From months of inactivity, I have returned to the blog and find myself writing frenetically to answer some very perceptive questions posed to me by an attentive reader who has just begun reading Verdi's Dream but has lots of "writer's" questions for me. She writes:
"I have just begun the text which certainly engages me. And I'm a very picky reader. Chpt. Two -- two guys, an Italian peasant and an American MIT man, couldn't be more different from each other, -- their thoughts, their feelings drawn with absolutely extraordinary skill. Brava!
You do seem to have the ability to be within each person and to bring back, in time slowed down to allow for intricate articulation, the inner workings of each. Do you know how you developed this capacity? Can you tell us? Or why this cluster of voices chose to speak through you?"

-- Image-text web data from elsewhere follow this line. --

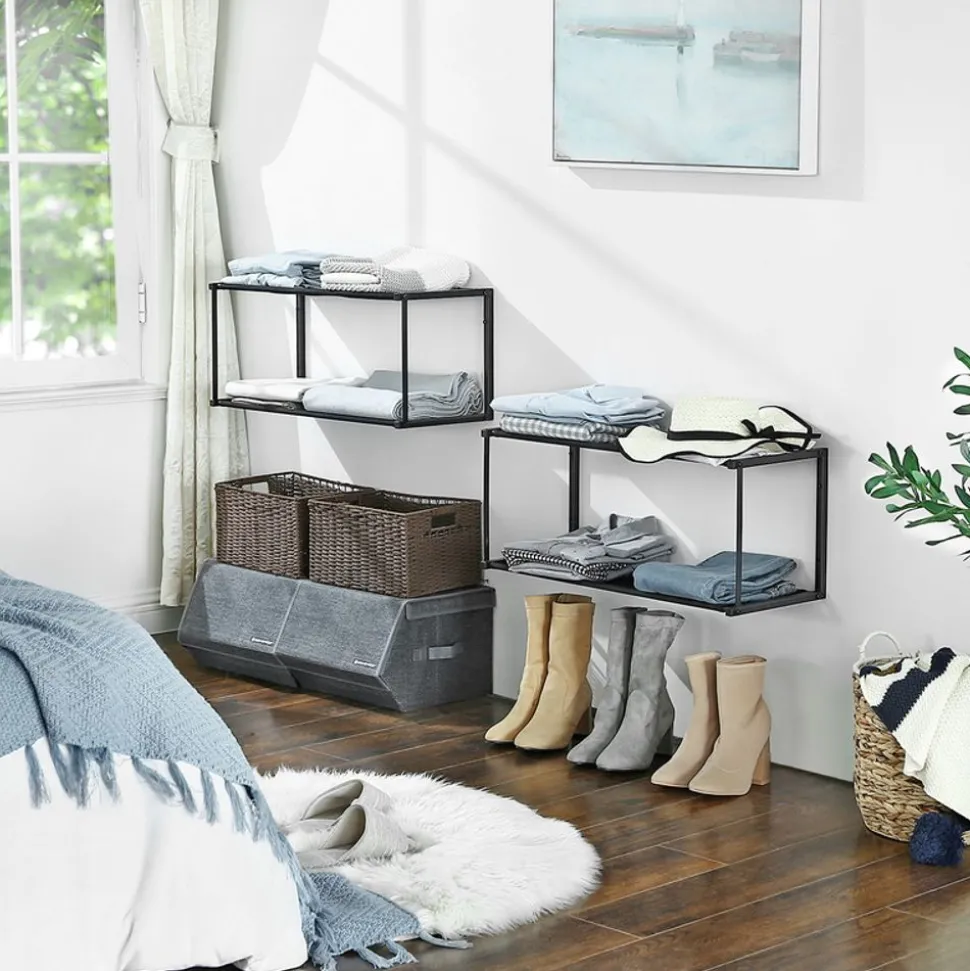 Flash Sale SONGMICS 3 Étagères murales cube pointu Blanc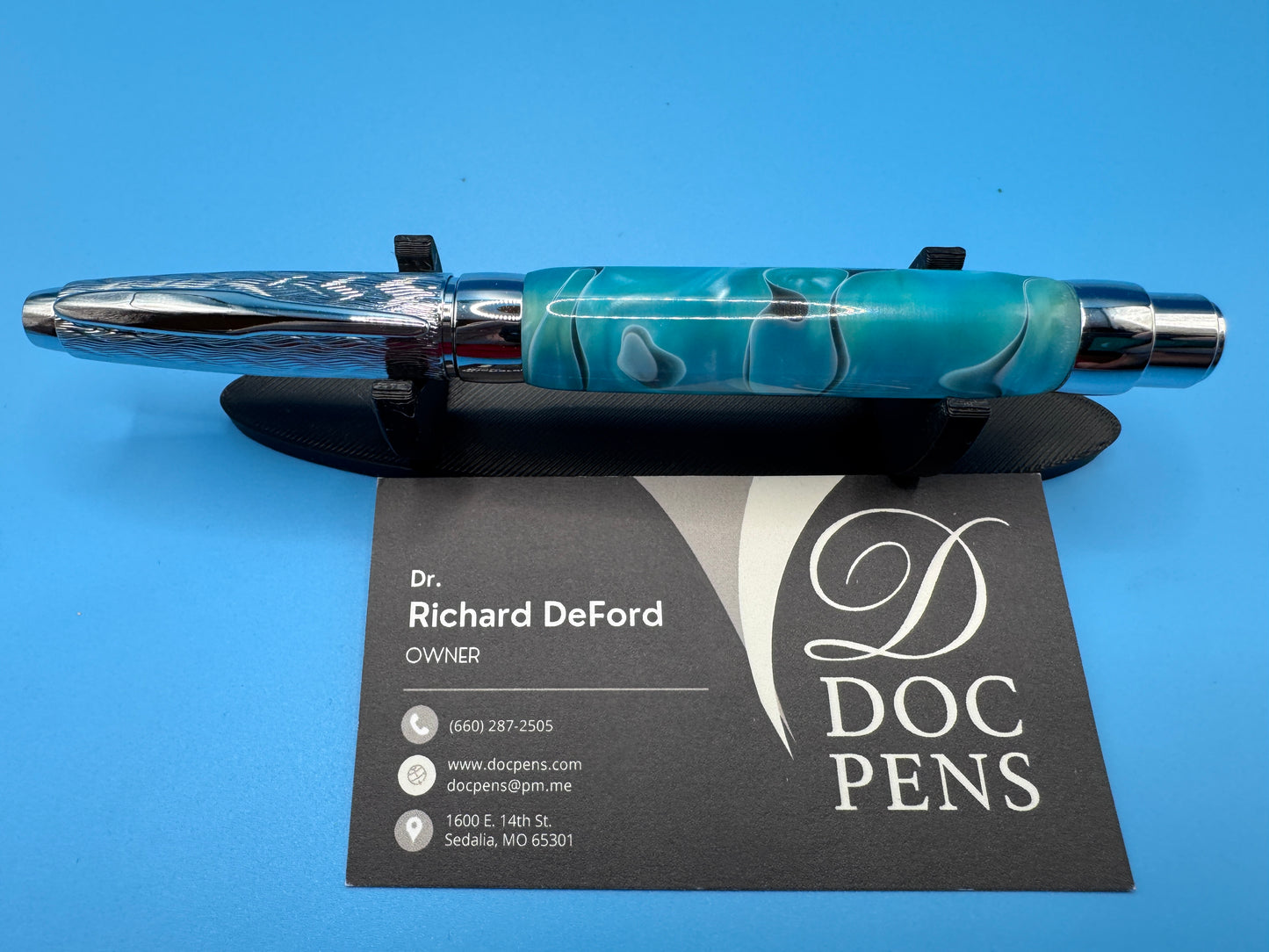 Hand-made Pressimo from Doc Pens - Caribbean Blue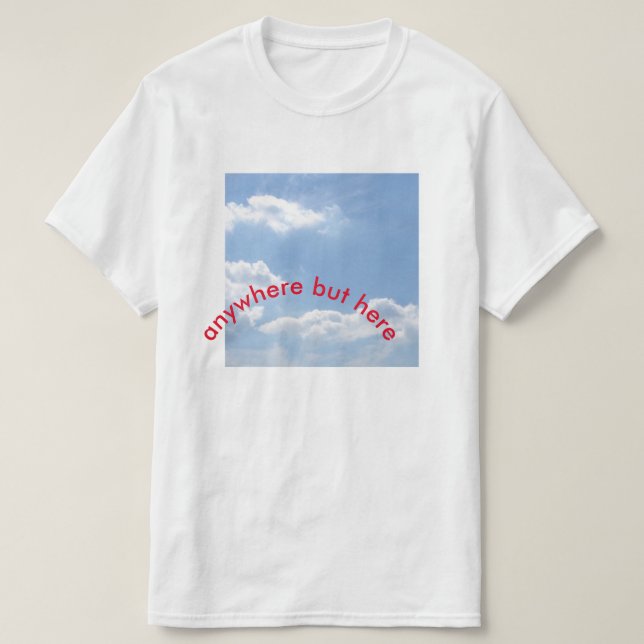 någonstans men här tee shirt (Design framsida)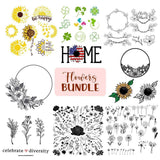 Flower Bundle - Cricut File - Svg, Png, Dxf, Eps - LightBoxGoodMan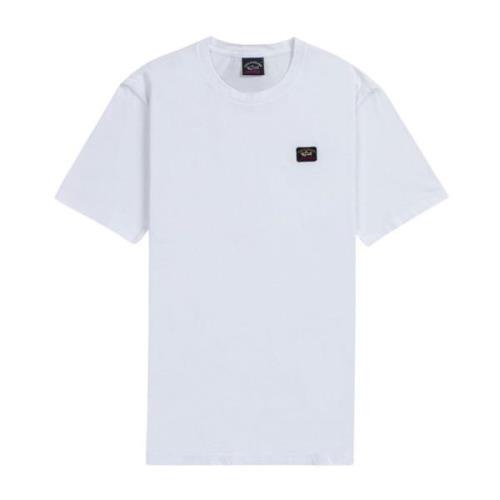 Hvit T-skjorte med Brodert Logo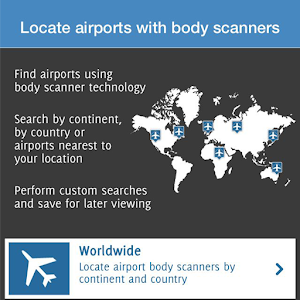 Airports with body scanners logo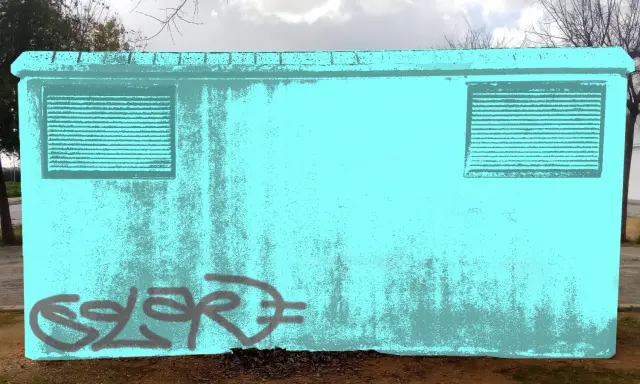 Graffiti artwork by SOLAR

Well, of course I couldn't pass on questions like those. What writer could? My (long-winded) response:
I am not sure I understand the capacity you are talking about, probably because I am an almost completely instinctive or intuitive writer. I just feel the characters. I see them in a given situation. Afterward, when I get to the 2nd and 3rd drafts, I am quite good at analyzing the purpose of each scene and of each bit of dialogue ad nauseam, but this always comes after the fact--the fact being what I see and feel them doing on their first appearance. Somehow I seem to know how it all fits in to the overall story, even if I have no idea, in a 1st draft, how the story will play out though I usually know the beginning and the (general) outcome (as Kevin Kline so brilliantly said in A Fish Called Wanda, "What's the middle thing again?"; and I firmly believe the middle thing in fiction is the hardest to write, but more about that another time).
I am lucky, I think, in that in most cases when it's time for craft to enter the equation the reasons for each bit in the book, great or small, ultimately become clear to my rational writer's mind. I think it is somewhat akin, believe it or not, to a gift of mimicry I have always had. When I was a little girl my mother would say she couldn't take me anywhere because I would unwittingly ape the expressions on the faces of the adults we were with. As a writer, all I am doing is mimicking my characters. I just feel them and write it down. This is not to say it makes for good writing. That would be a completely idiotic statement because writing fiction has too many intricate components each fraught with problems. But it's a start, given my absolute conviction that good fiction is always character-driven.
Perhaps a corollary answer to your query is that on some very very deep level, we all write about our identity and our obsessions no matter how we gussy them up or disguise them. My obsessions (who I am and why) are multiple, and Verdi's Dream contains them all in spades, a bit within each character no matter how extremely different these characters are (and I think they are very different). They all coexist in me, however, and have simply found their voices through these characters.
Lordy, I do carry on.
So glad you are liking the book. I am 'chuffed', as the Brits say."